__Material provided__

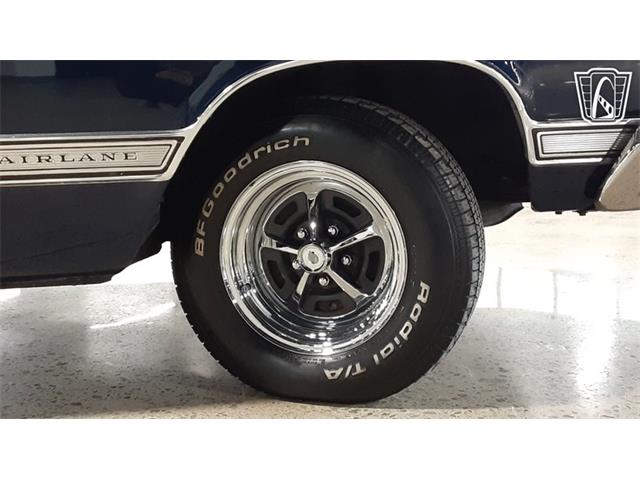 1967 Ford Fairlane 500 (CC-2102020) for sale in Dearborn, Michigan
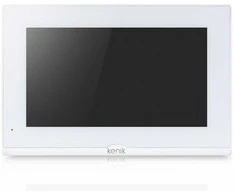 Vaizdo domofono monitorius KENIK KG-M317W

---

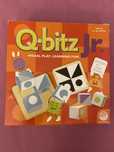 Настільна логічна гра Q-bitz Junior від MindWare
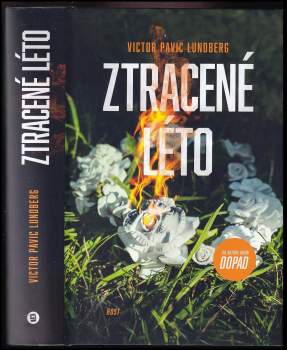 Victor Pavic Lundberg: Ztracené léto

__Assignment__
Taking the entries above, extract every line from the one bearing "1967 Ford Fairlane" through the one bearing "Vaizdo domofono monitorius KENIK KG-M317W", exactly, with no pictures.

__Answer to this exercise__
 1967 Ford Fairlane 500 (CC-2102020) for sale in Dearborn, Michigan
 Vaizdo domofono monitorius KENIK KG-M317W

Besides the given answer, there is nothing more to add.